Conscient de cette faiblesse et face aux nouveaux défis, les 11 chefs d’État et de gouvernement réunis en Sommet extraordinaire à Libreville ont décidé, ce mercredi 18 décembre 2019, de donner une nouvelle impulsion à travers une réforme institutionnelle et structurelle de la CEEAC.
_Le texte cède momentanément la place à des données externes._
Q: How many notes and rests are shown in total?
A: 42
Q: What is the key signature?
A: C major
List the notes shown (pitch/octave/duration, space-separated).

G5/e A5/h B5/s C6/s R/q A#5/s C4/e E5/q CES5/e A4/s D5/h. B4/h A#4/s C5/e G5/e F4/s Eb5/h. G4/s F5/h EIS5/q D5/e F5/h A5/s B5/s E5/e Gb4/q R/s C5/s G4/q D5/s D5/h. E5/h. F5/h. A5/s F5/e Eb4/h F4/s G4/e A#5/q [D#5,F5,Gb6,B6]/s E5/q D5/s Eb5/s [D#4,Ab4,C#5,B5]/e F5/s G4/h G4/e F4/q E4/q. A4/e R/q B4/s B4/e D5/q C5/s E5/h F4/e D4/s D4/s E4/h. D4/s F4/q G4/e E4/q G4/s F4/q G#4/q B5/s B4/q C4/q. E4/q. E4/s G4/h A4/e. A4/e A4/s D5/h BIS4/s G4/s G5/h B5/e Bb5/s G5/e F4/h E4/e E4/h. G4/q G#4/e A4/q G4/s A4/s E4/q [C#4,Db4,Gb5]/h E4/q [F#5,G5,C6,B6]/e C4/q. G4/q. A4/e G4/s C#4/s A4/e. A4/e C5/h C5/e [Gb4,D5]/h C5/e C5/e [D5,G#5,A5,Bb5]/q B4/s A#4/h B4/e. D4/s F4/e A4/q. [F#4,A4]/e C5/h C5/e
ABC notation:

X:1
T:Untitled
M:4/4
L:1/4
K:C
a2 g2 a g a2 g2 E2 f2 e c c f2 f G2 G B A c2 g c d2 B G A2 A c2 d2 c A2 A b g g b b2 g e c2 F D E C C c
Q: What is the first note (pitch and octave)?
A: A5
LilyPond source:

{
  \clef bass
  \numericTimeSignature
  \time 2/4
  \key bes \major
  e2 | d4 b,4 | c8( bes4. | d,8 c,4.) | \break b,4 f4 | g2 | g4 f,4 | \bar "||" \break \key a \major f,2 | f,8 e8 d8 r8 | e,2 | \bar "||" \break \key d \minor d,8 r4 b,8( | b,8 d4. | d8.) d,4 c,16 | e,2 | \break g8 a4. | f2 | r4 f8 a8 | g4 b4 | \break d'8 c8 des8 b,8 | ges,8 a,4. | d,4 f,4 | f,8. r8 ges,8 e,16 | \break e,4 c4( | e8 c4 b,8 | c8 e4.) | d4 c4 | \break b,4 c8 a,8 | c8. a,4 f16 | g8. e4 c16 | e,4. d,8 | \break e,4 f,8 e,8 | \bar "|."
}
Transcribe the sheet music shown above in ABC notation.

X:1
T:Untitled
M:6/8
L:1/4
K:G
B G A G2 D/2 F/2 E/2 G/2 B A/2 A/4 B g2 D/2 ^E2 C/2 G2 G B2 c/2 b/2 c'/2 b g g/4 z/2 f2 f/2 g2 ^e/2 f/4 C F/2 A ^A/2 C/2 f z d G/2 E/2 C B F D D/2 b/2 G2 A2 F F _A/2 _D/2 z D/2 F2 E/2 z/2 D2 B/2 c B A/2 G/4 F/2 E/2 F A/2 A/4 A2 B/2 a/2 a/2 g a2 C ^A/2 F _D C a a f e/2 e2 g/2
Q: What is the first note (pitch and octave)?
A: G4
En apposant sa signature sur la charte révisée de la CEEAC, le Chef de l’État congolais Félix Antoine Tshisekedi Tshilombo s’est engagé, comme ses pairs, à œuvrer au sein d’une organisation dynamique et viable à l’instar d’autres blocs sous régionaux africains.
Parmi les innovations apportées figure la création d’une Commission de la CEEAC comme organe exécutif en lieu et place du secrétariat général.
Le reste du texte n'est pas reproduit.